-- Source material follows --
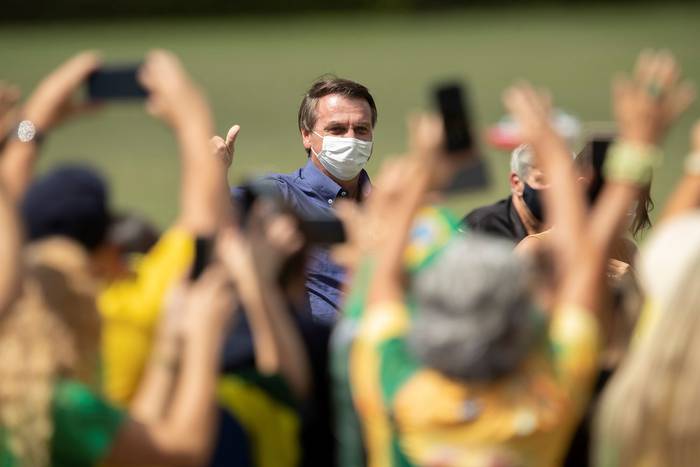 Jair Bolsonaro saluda a simpatizantes que celebran su cumpleaños 66, ayer, frente al Palacio de la Alvorada, en Brasilia.
 · Foto: Joédson Alves, EFE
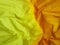 Yelloworange paper background silk surface empty blank sheets vivid colors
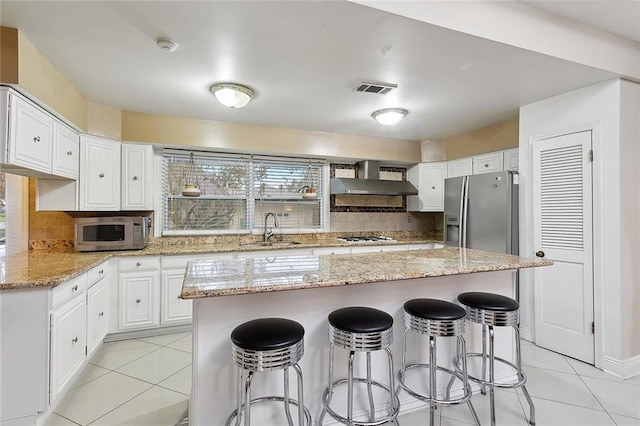 kitchen featuring appliances with stainless steel finishes, a center island, white cabinetry, and wall chimney range hood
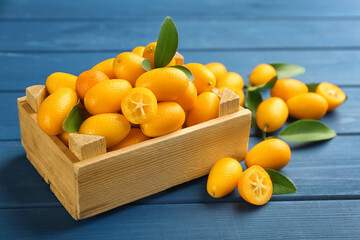 Fresh ripe kumquats in crate on blue wooden table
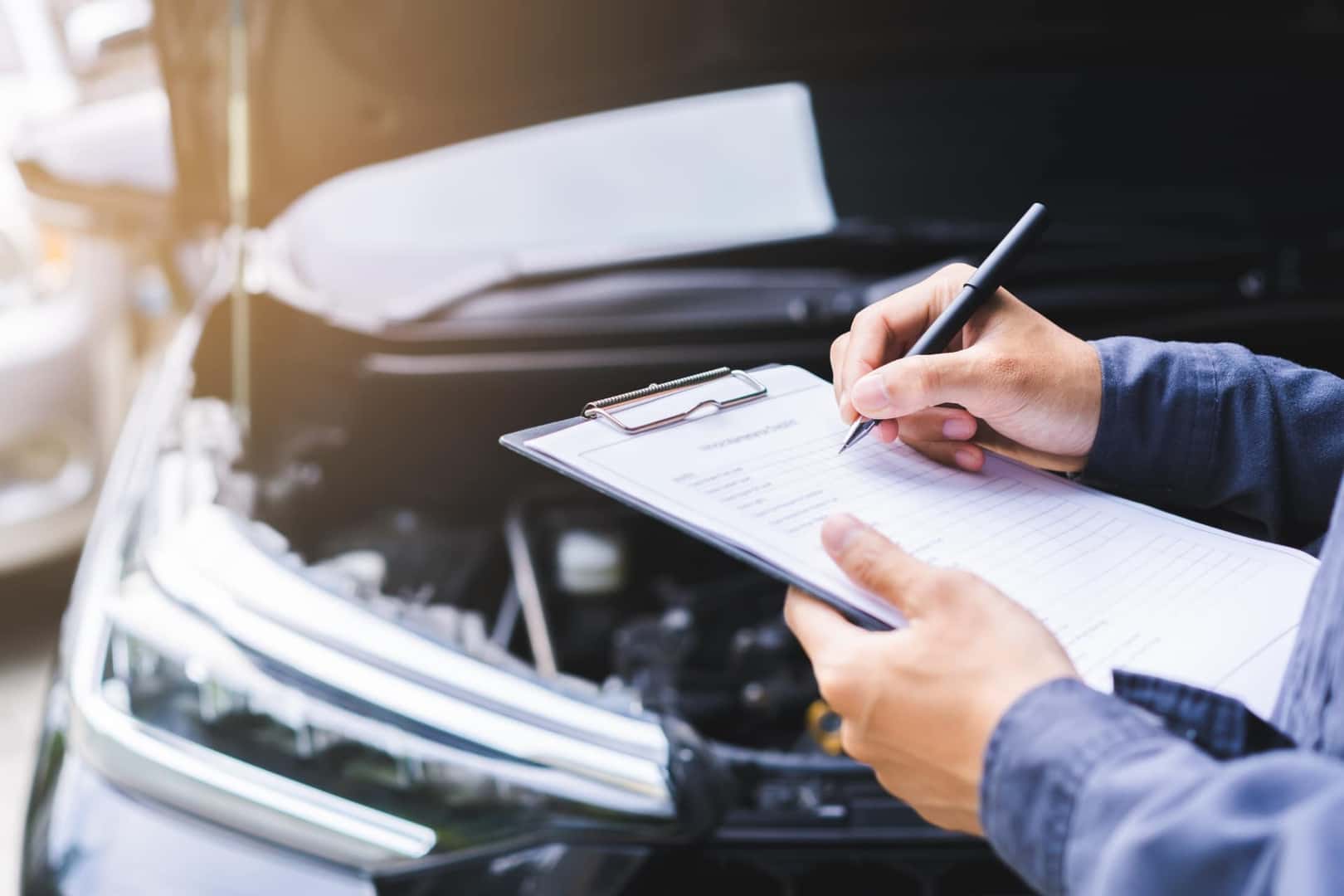 Technician going through Chevy routine maintenance checklist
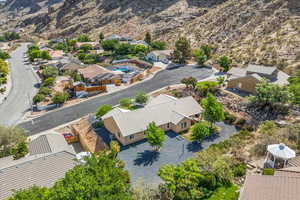 Aerial perspective of suburban area with a mountainous background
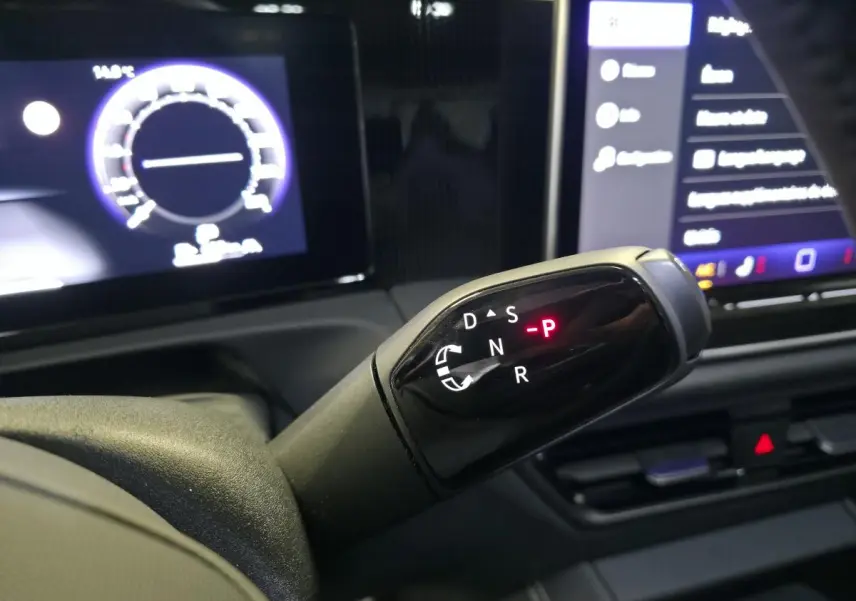 Le levier de vitesses automatique noir du Volkswagen Tiguan 2025, avec tableau de bord numérique en arrière-plan.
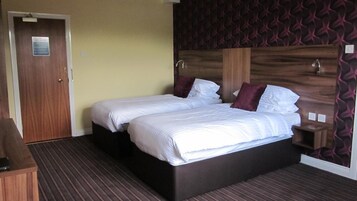 Una cama doble con sábanas blancas, cabecera de madera y pared con un diseño oscuro.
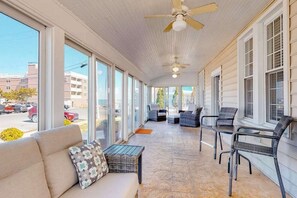 Eine überdachte Veranda mit einer Couch, Sesseln und einem Deckenventilator.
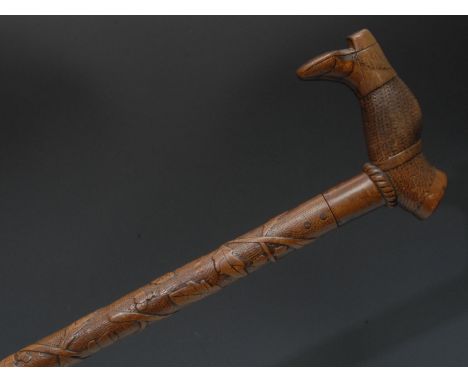 A late 19th/early 20th century century Folk Art walking stick, the handle carved as a leg wearing a boot, the haft carved wit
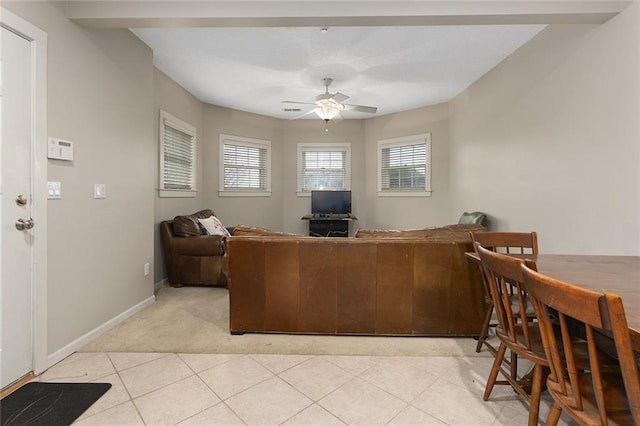 living room featuring ceiling fan, light tile patterned flooring, light colored carpet, and baseboards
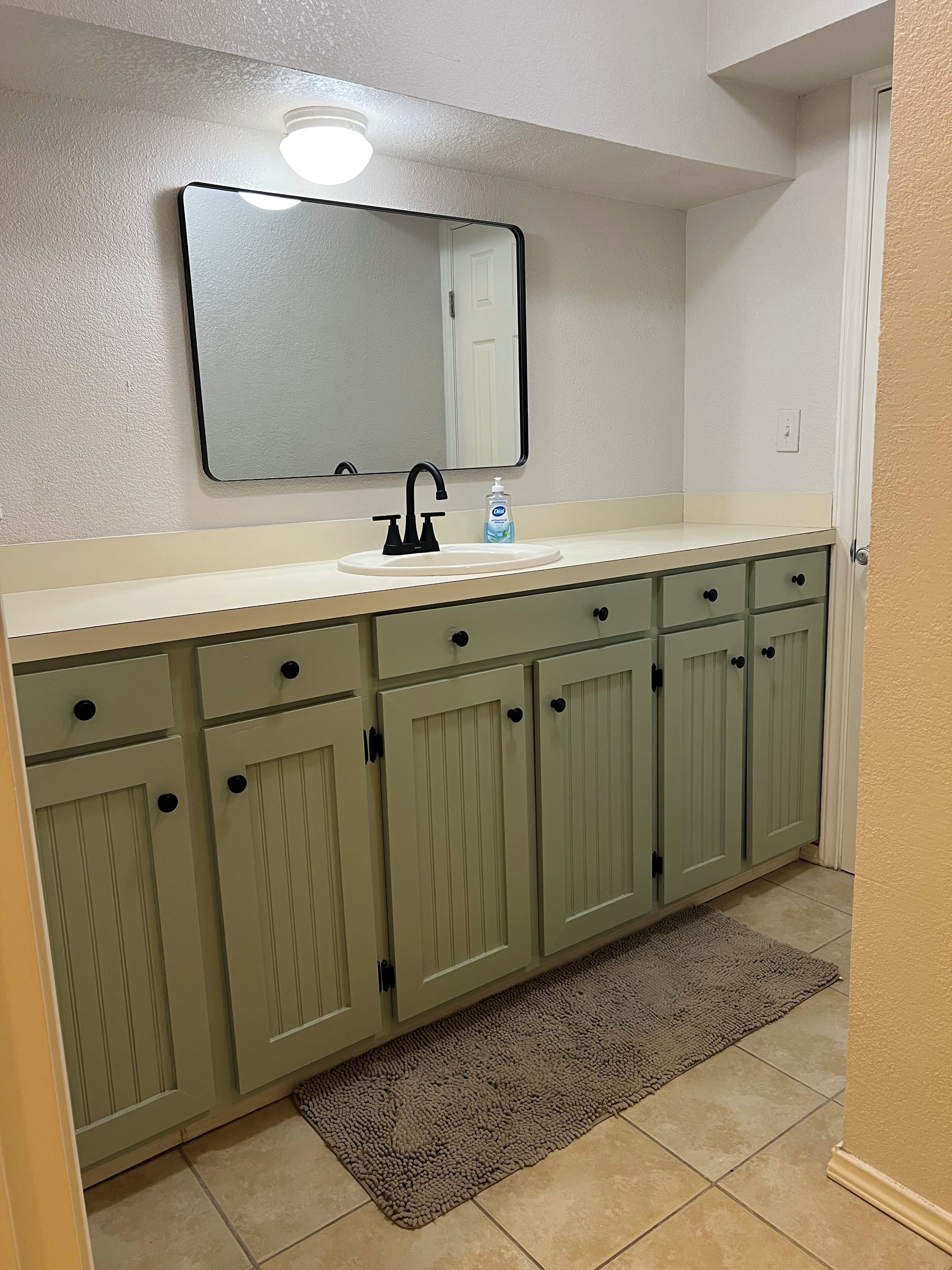 A bathroom with a white sink, a mirror above it, and green cabinets below.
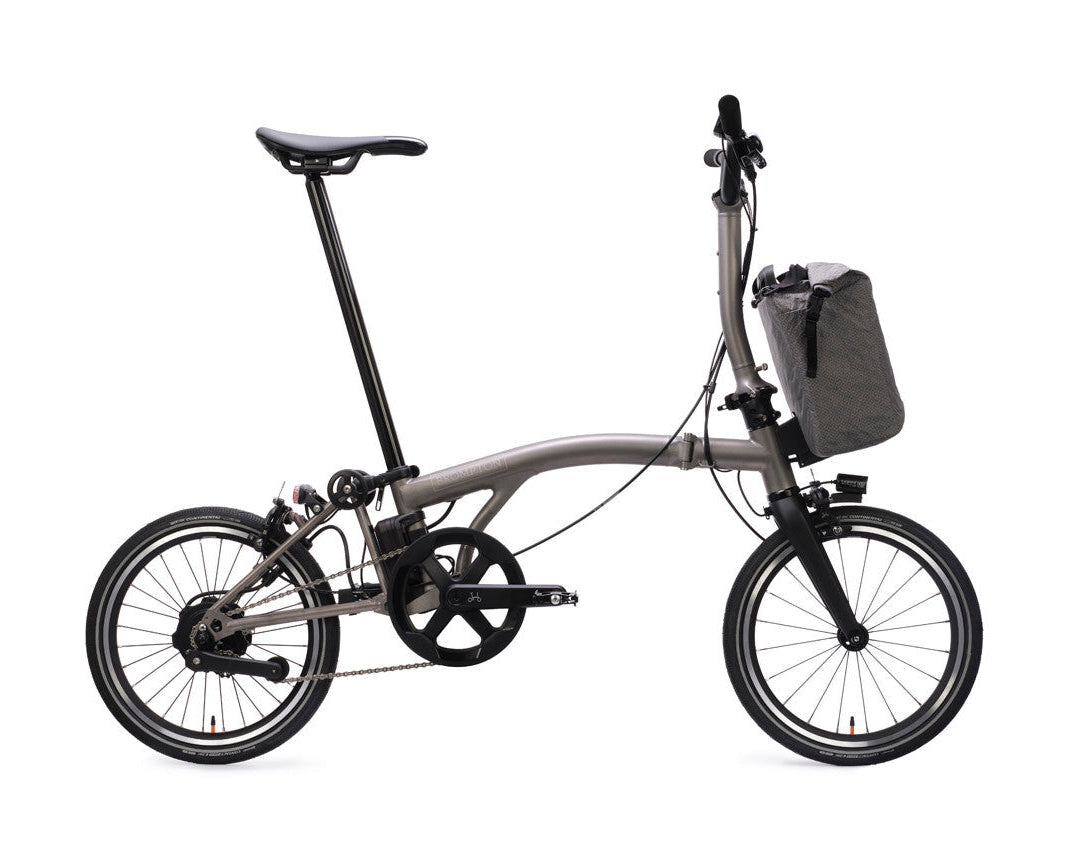Foldable Brompton Electric T Line bicycle with a front storage bag on a white background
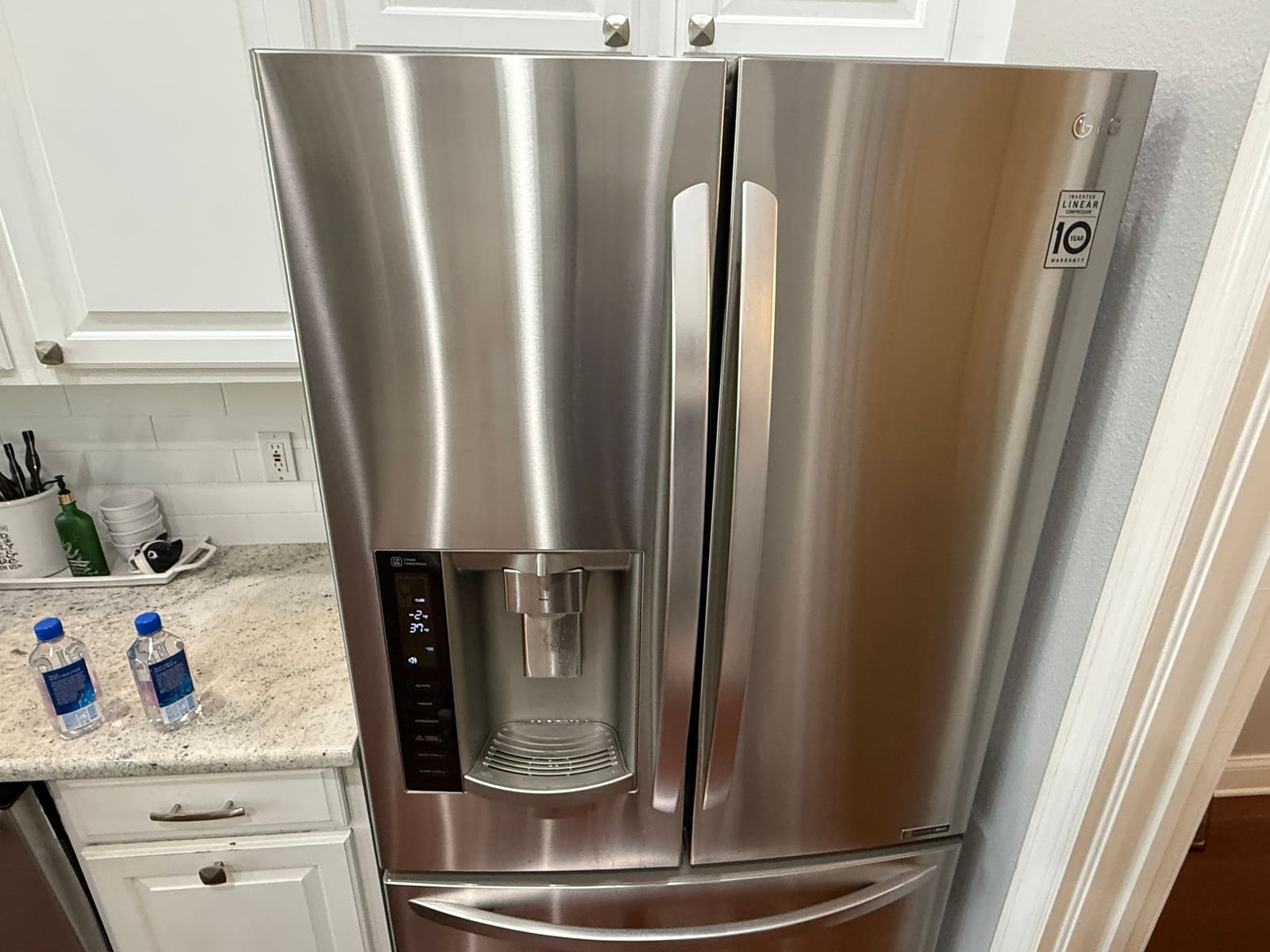 Stainless steel LG French door refrigerator with a door dispenser in a kitchen in Westchase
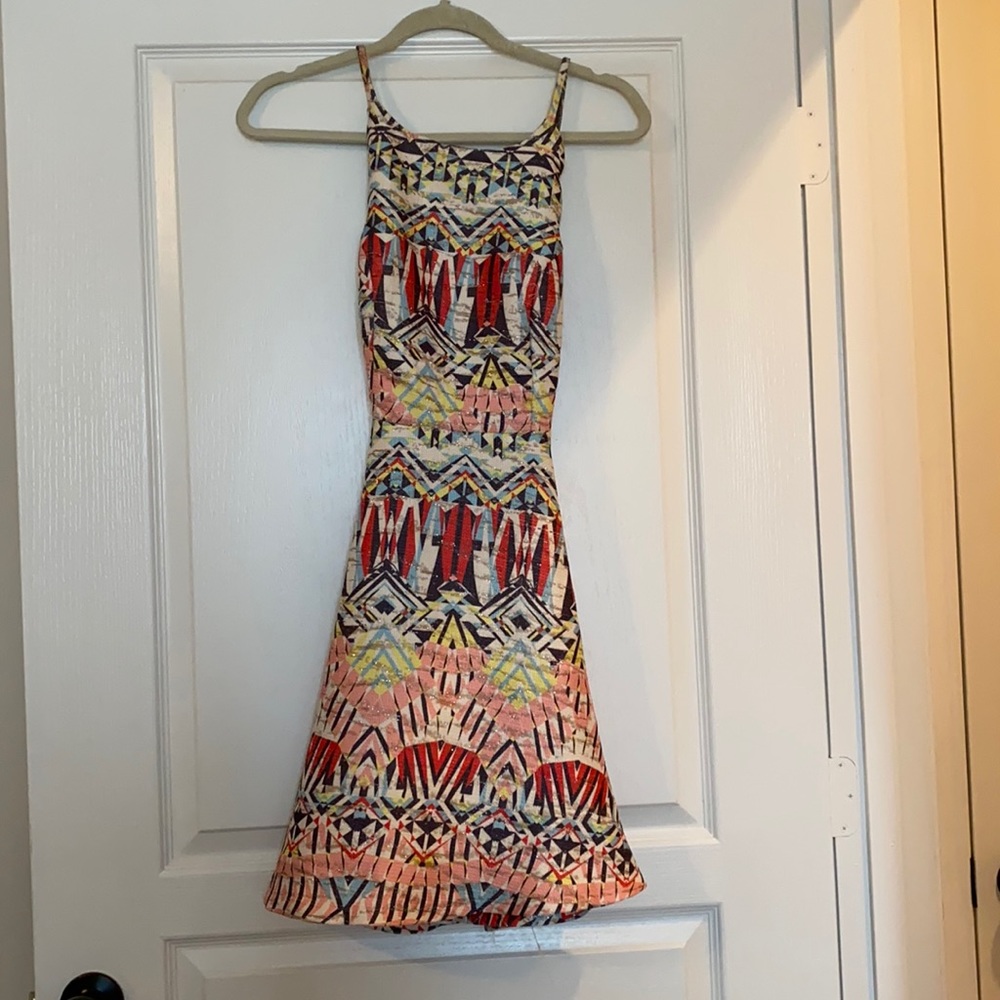 Cute patterned dress with crisscross straps and scalloped edges on the top!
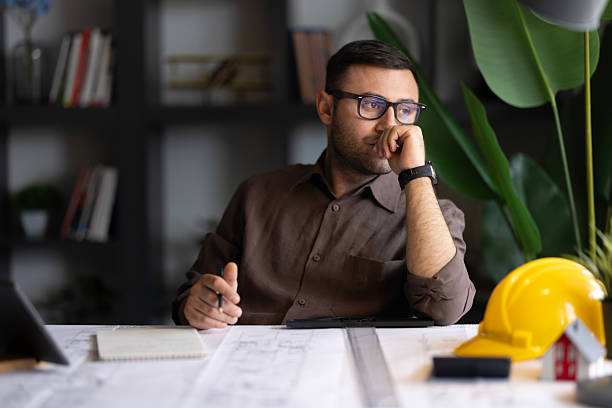 istock Architect man holding pencil working with laptop and blueprints for architectural plan, engineer sketching a construction project concept. 2194074592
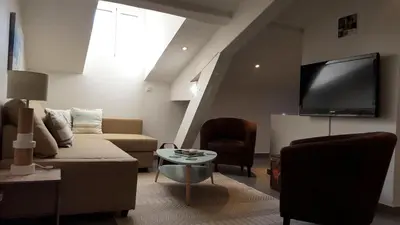 a living room with a couch and a flat screen tv at Cannes,croisette,palais des festivals,plages in Cannes
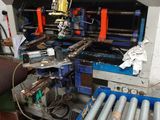 a machine that is working on pipes in a factory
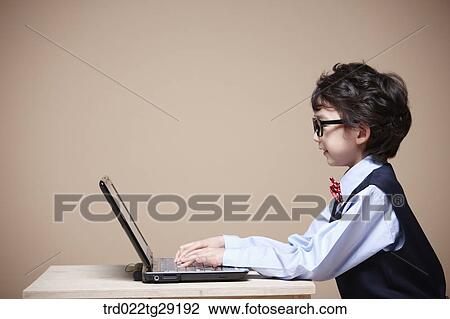 boy is studying using laptop View Large Photo Image Stock Image - boy is studying using laptop. Fotosearch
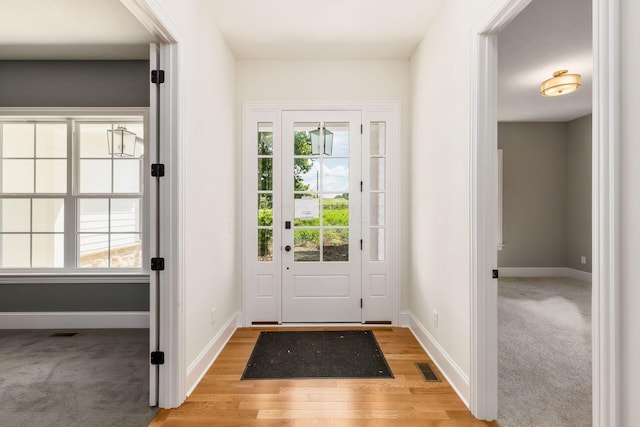 entryway with light hardwood / wood-style flooring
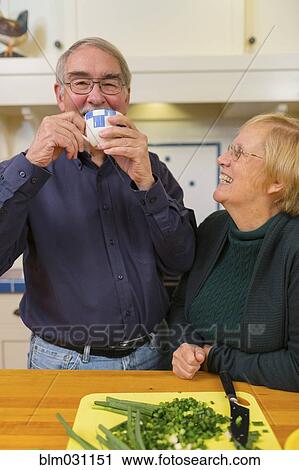 Stock Image - Caucasian couple cooking together in kitchen. Fotosearch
-- Source material concluded --
**Assigned task:**
Output the line that contains "entryway with light" and every subsequent line through the end of the entries, exactly as given, without pictures.

**Expected output:**
 entryway with light hardwood / wood-style flooring
 Stock Image - Caucasian couple cooking together in kitchen. Fotosearch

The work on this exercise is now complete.